オムニチャネルが進み、顧客はあらゆるタイミングでモノが購入できます。つまりカスタマージャーニーはより複雑になり、多様化が進んでいるのです。
ひと昔前のようにTVCMや雑誌広告に多大な費用をかけても、多くの人には届きません。それは、「そもそもTVや雑誌を見ないという人」も珍しくないからです。これからはオムニチャネルによって複雑化したカスタマージャーニーを把握し、より個人に合わせた戦略がなければ大きな成果は期待できないでしょう。
パーソナライズによるCXの向上を目指す
顧客に限らず、今では商材のパーソナライゼーションも求められています。その人だけの商材でCX(顧客体験)が向上することで、より企業と商材の価値が高まります。
IoTによって個人の消費データが収集できるようになった今、より顧客に向けた商品・サービス開発まで行えるようになりました。もはや「30代女性向け」といったターゲットへの商材ではなく、Aさん・Bさんといった個客に向けた製品設計を考える時代となったのです。

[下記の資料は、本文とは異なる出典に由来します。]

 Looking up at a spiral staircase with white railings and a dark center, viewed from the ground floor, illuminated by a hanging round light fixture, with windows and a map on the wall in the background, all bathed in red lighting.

海外では3Dプリンターによって、薬剤のパーソナライズを行い、患者一人一人に向けた処方薬の製造が始まっています。実際の患者データを元に微細な量を調節し、処方薬をプリントアウトします。一人一人異なる内臓機能や生活習慣を考慮し、その人だけの処方薬を作っているのです。

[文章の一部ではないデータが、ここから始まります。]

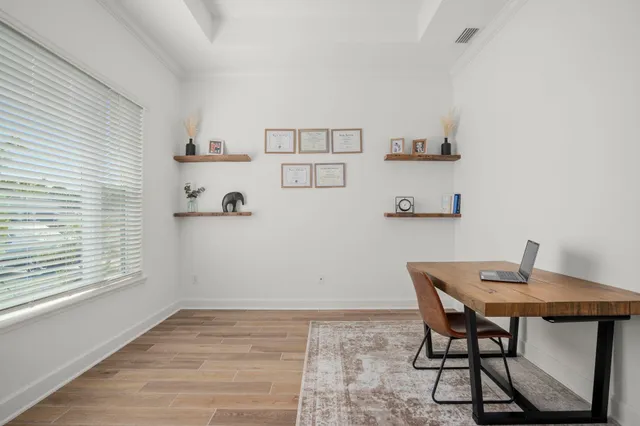a view of a dining room with furniture and wooden floor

こうしたCXの推進には、やはりITシステムとの連携によるデータ活用が欠かせません。
顧客体験を充実させることによって売上向上へ
現在は売上至上主義の時代は終わり、より顧客体験を重視する時代へと変わっています。今後企業が存続するかどうかは、より顧客をパーソナライズした施策にかかっていると言っても過言ではありません。そしてそのパーソナライズした施策には、ITシステムの活用が必須です。

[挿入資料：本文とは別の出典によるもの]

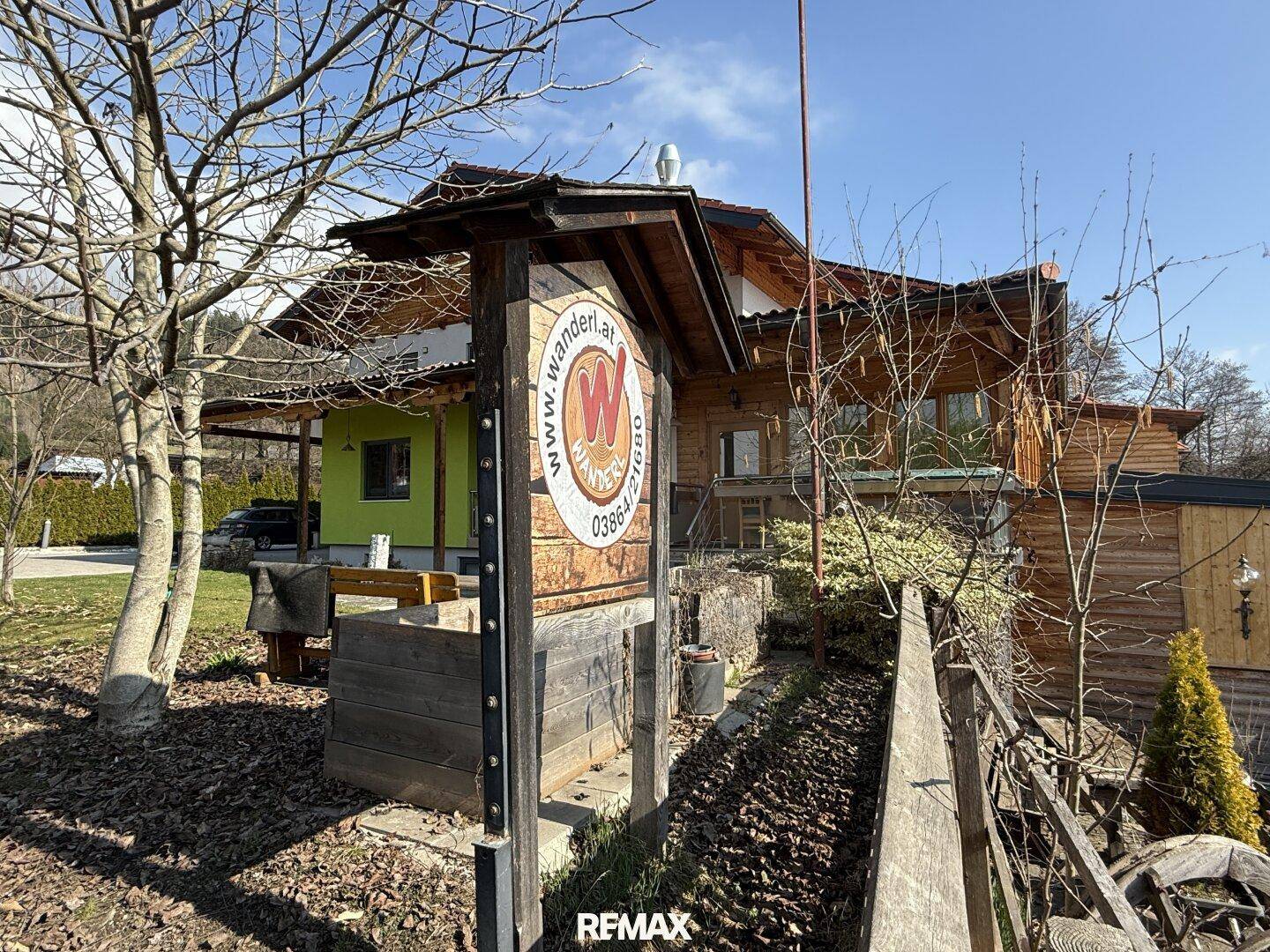 Außenansicht eines traditionellen Holzgebäudes mit einem Wegweiser und Bäumen im Vordergrund.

日本の少子化が進み、市場は新規顧客よりもリピーターや優良顧客の獲得へと舵を切っています。ユニファイドコマースでより顧客体験が充実すると口コミの内容も上がり、顧客離れが抑制できます。
またデータを活用して顧客ニーズや購買心理が分析できれば、精度の高いカスタマージャーニーマップが作成できます。顧客の行動に合った提案を先回りで行うことで、競合との差別化も図れるでしょう。
今では、より充実した顧客体験のためなら追加料金をいとわないという顧客も増えています。百貨店の外商部のように一部の顧客しか体験できなかった接客も、データ活用で多くの顧客が享受できる時代となりました。ユニファイドコマースによって顧客体験を向上させ、顧客愛される企業へと成長させましょう。